Aku kembali memandangi wajahku di cermin, riasanku sudah sempurna, aku siap mengikuti siraman lalu pengajian bersama para tamu, Dimas selangkah lebih dekat menjadi suamiku, ya Tuhan suara-suara cinta seakan bersorak semakin ramai di hatiku.
Aku melangkah menuju teras rumah di mana sebelum siraman, tradisi Bleketepe lebih dulu dilangsungkan yaitu dengan memasang anyaman daun pisang di langit-langit pintu utama rumah oleh ayahku, lalu pemasangan tuwuhan seperti padi-padian dan pisang. Setelah rangkaian proses itu selesai, barulah aku digiring menuju kendi siraman di mana di sana sembilan anggota keluargaku tengah menunggu sesuai dengan adat jawa yang mengharuskan pengguyur siraman berjumlah ganjil, suasana khidmat seketika mengharu biru, selangkah lagi. Selangkah lagi.
Bunyi petasan begitu ramai menandakan Dimas pengantinku sudah tiba, iring-iringan pmbawa baki seserahanpun tak kalah ramainya, aku berdiri di gerbang rumah bersama kedua orangtuaku yang bersiap mengalungkan bunga melati untuk calon menantunya, senyuman terukir jelas di wajah Dimas, selangkah lagi.
Sejak tadi pagi aku tak melihat Nadya, padahal sebentar lagi akad nikahku mulai, tinggal menunggu tamu undangan berdatangan, mungkin Nadya masih berdandan pikirku, aku kembali membetulkan posisi duduk, mengatur napas agar terlihat tenang di hadapan penghulu.

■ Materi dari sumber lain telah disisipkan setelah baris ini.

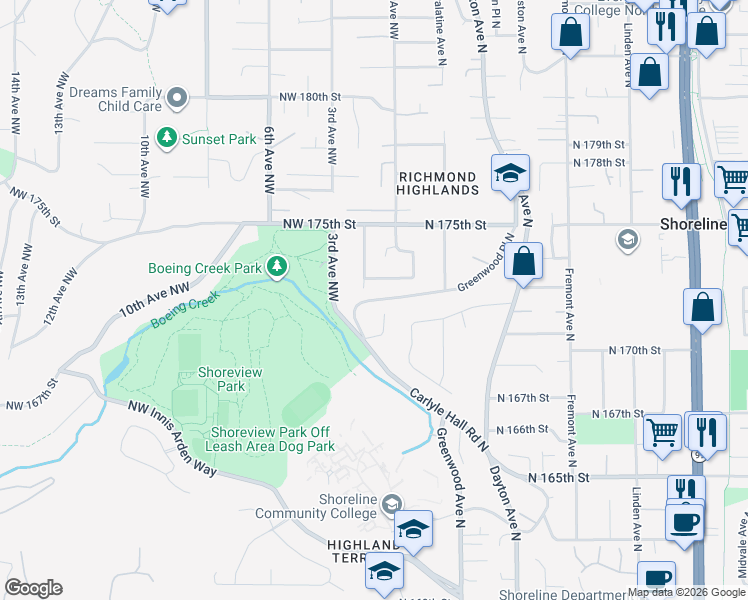 map of restaurants, bars, coffee shops, grocery stores, and more near 331 Northwest 172nd Street in Shoreline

Aneh, hampir satu jam tamu undanganku belum rampung, mungkin masih bisa dihitung dengan jari, tetangga dekatku pun belum Nampak, aku gelisah begitupun dengan Dimas. Sementara di depanku sang penghulu terlihat mulai kegerahan, aku semakin gelisah, tiba-tiba dari luar rumah terdengar suara kerumunan orang begitu ramai, di antara mereka terdengar berteriak setengah menghardik, keluargaku dan keluarga Dimas terlihat sangat terkejut lalu kami brhmburan keluar rumah memastikan apa yang terjadi.
“Gimana nih warga keracunan gara-gara makan besekan dari sini kemarin” Seru seorang warga.
“Iya, saya sekeluarga harus dirawat di rumah sakit nih!” Seru warga yang lain.
Aku semkin panik, mengapa mereka keracunan? Ya Tuhan warga mulai agresif merusak riasan di depan rumahku, menendang meja penjaga tamu dan merusak gapura bertahta melati serta mengobrak-abrik kursi tamu yang sudah ditata rapi. Aku melihat ayah Dimas mulai geram, calon mertuaku itu lalu menarik Ibu Dimas untuk pulang meninggalkan rumahku, meninggalkan pernikahan kita yang belum sempat dimulai.
“Kita kena sawan manten!!” Dimas berteriak mulai putus asa, sementara hatiku berteriak lain; “Nadya!!!!”